Думается, еще задолго до двадцатых-тридцатых годов наш народ был приучен к тому, что жестокость, насилие — не исключение, а норма жизни. Конечно, куда спокойнее рассуждать, как это порой принято, о ладе и согласии, якобы царивших повсеместно в нашем отечестве до революции. Однако "...если мы только не перестанем закрывать глаза на прошедшее и говорить: зачем поминать старое, нам ясно станет, в чем наши точно такие же ужасы, только в новых формах" (Л.Толстой1).
1Л.Толстой, "Не могу молчать". М., 1985 г., стр. 478.
Ведь это не во время коллективизации, не где-то на Колыме, а в столице Российской империи Девятого января 1905 года было убито более тысячи человек! И все это были нереволюционеры, не заговорщики, а простые русские люди, свято верящие в Бога, царя и отечество. По закону о военно-полевых судах, принятому в августе 1906 года, за 8 месяцев его действия в России было казнено 1100 человек. "Никто столько не казнил, и самым безобразным образом, как он, Столыпин, никто так не произвольничал, как он... Столыпинский режим уничтожил смертную казнь и обратил этот вид наказания в простое убийство.
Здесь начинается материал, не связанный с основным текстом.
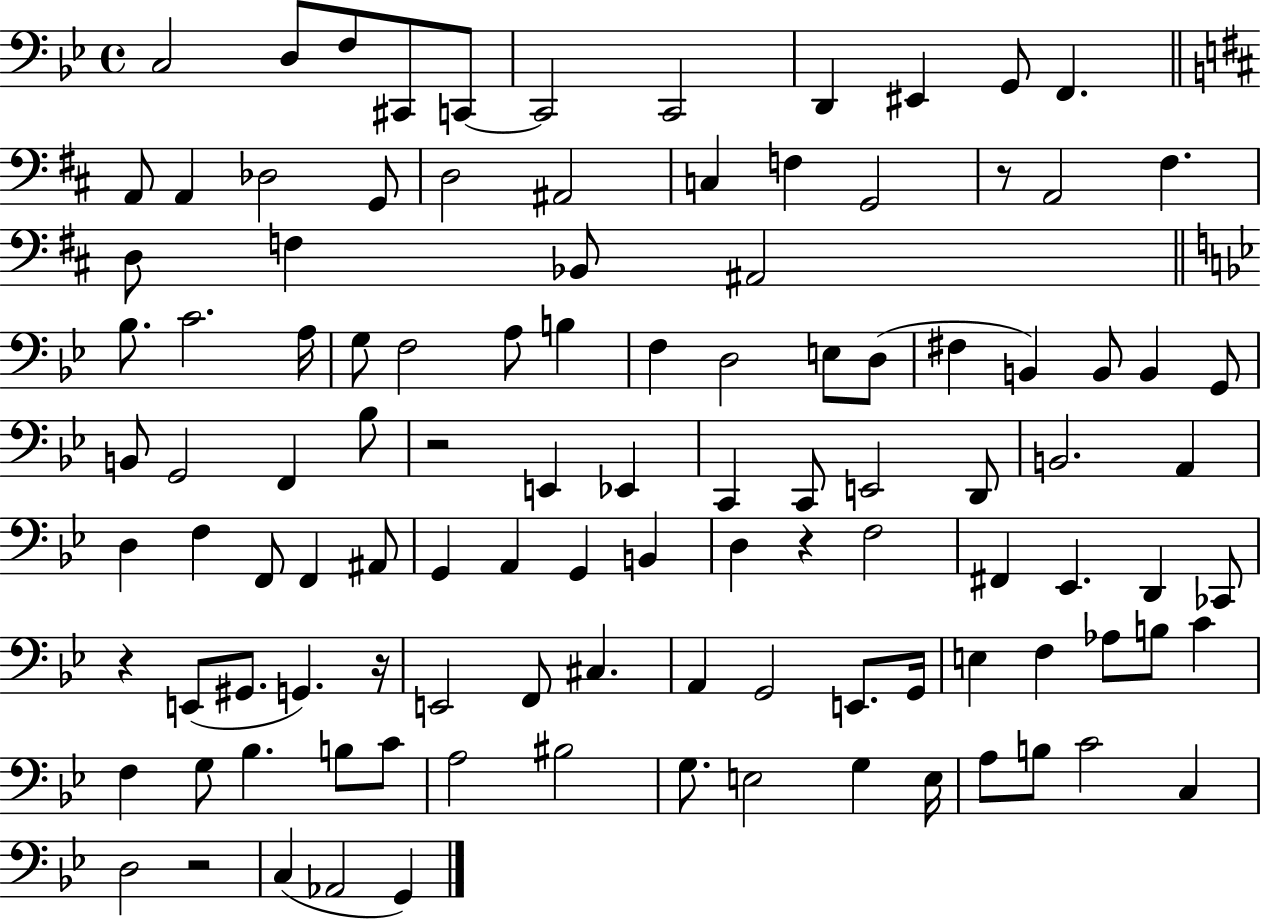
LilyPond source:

Часто совсем бессмысленное, убийство по недоразумению... Начали казнить направо и налево, прямо по усмотрению администрации казнят через пять-шесть лет после совершения преступления, казнят и за политическое убийство, и за ограбление винной лавки на пять рублей, мужчин и женщин, взрослых и несовершеннолетних"... Так писал граф Витте25.
25С.Ю.Витте. "Воспоминания", изд. 1923 г., стр.293-294.
Заметьте, это тогда, при Столыпине начали казнить "по усмотрению администрации", убийства были введены в ранг государственной политики и стали чем-то само собой разумеющимся, без чего нельзя обойтись. "Ужаснее же всего в этом то, что все эти бесчеловечные насилия и убийства, кроме того прямого зла, которое они причиняют жертвам насилий и их семьям, причиняют еще большее величайшее зло всему народу, разнося быстро распространяющееся, как пожар по сухой соломе, развращение всех сословий русского народа", — писал Лев Толстой26.